Huawei is tearing it up. Gartner's third-quarter global smartphone sales report came out Wednesday and showed the Chinese smartphone maker nearly doubled unit sales year-over-year. Huawei, which Google recently tapped to produce the latest Nexus phone, made the biggest jump in mobile phone sales out of any manufacturer in the quarter.
Huawei posted over 27,000 unit sales in the third quarter, compared to just under 16,000 in the same quarter in 2014 for an increase of about 70 percent. Huawei's marketshare jumped up from 5.2 percent to 7.7 percent, beating Lenovo and Xiaomi to take the third place spot.
Huawei recently received major coverage when Google announced it would be asking the company to build its flagship Nexus 6P device. The deal was a huge boost for Huawei, which found its name thrust into the spotlight in a market in which it has struggled to make inroads. The metal chassis, high-quality screen and speedy processors showed that Huawei knows how to do premium.
Elsewhere, Samsung maintained its market share lead with 23.7 percent of the market, while Apple increased nearly one percent year-over-year, reaching 13.1 percent of the market.
On the operating system side, it was bad news for Windows. Microsoft's offering took 1.7 percent of the market this time around compared to 3 percent last year. The recently announced Lumia 950 and 950 XL may go some way towards reversing this trend, and elsewhere Microsoft is pouring more resources into making Windows on the phone an attractive prospect.

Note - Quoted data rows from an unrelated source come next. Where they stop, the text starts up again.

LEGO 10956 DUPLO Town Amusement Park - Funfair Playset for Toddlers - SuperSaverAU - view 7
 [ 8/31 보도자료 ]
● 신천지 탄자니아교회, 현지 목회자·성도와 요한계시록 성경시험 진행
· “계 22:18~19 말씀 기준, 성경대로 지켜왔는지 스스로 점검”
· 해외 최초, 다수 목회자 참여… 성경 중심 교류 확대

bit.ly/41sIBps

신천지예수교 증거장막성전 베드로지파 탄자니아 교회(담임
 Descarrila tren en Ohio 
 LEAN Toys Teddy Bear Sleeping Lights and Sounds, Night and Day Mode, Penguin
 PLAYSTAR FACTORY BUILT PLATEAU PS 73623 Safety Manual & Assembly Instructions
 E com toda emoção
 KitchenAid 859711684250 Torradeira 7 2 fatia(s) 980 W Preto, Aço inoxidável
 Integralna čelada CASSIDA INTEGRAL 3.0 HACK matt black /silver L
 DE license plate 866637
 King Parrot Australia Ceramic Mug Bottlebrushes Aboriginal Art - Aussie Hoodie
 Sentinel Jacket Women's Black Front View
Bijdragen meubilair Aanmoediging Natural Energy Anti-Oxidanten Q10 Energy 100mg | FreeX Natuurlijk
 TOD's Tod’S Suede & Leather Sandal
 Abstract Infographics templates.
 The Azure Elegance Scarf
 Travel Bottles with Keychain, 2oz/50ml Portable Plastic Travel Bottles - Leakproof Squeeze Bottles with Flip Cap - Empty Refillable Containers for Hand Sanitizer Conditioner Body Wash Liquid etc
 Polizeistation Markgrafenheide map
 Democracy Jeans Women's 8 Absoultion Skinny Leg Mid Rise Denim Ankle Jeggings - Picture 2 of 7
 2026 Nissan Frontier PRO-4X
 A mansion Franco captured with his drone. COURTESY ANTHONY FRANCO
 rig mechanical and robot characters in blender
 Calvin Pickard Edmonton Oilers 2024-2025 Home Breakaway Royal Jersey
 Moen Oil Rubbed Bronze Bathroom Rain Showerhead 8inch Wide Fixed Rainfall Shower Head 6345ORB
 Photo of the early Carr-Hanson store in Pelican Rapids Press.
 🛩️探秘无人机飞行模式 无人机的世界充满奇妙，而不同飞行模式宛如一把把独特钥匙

BlackBerry continued its long decline, losing nearly two thirds of its market share to grab a mere 0.3 percent. Things aren't likely to change, as the company sets its sights on the Android-running Priv phone propelling the company forward. The new device takes the Android system and adds security features, while the hardware sets itself apart from the crowd by including a physical keyboard.
Overall, the worldwide smartphone industry grew 15.5 percent compared to a year ago, driven largely by sales of low-cost devices in emerging markets. "The availability of affordable smartphones saw consumers upgrade their 'feature phones' to smartphones more quickly because of the small price gap," said Ansul Gupta, research director at Gartner.